Seafood yee mee soup

Main Dish
3 servings
1 hour
10 min


Number of serving: 3
For the broth/soup

2 cups of prawn shells - washed and cleaned

2 sticks of celery - sliced

1 medium size tomato - sliced

1/2 tbsp anchovies/ikan bilis granules (optional)

Pepper and salt to taste

Other Ingredients (as needed)

Yee Mee Rolls (rinsed under running water)

1 small bunch of choy sam/white flowering cabbage - sliced and blanched

4-5 leaves of Chinese cabbage - sliced and blanched

fish balls

fish cakes

Spring onions - chopped/sliced thinly

To Serve With

Chopped garlic

red/birds eye chillies - chopped, add in some lemon juice and dark soy sauce.

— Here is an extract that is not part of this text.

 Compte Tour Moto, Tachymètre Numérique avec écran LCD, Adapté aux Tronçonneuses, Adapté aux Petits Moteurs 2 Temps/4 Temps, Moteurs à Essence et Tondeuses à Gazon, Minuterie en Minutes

  • Dd 3/4 litre of water, prawn shells, sliced celery and tomato in a pot. Simmer over low heat for about an hour.
    Drain and pour back the soup into the pot. Add salt and anchovies granules and let it simmer.
    Mean while place the yee mee, choy sam and chinese cabbage into a serving bowl.
    Into a smaller pot, pour as much soup as needed.
    Once boiling, break in an egg, add fish balls and fish cakes and let it cook just for a couple of mins.
    Pour the soup over with the ingredients into the serving bowl.
    Sprinkle pepper and spring onions on top and serve with the chopped garlic and chillies.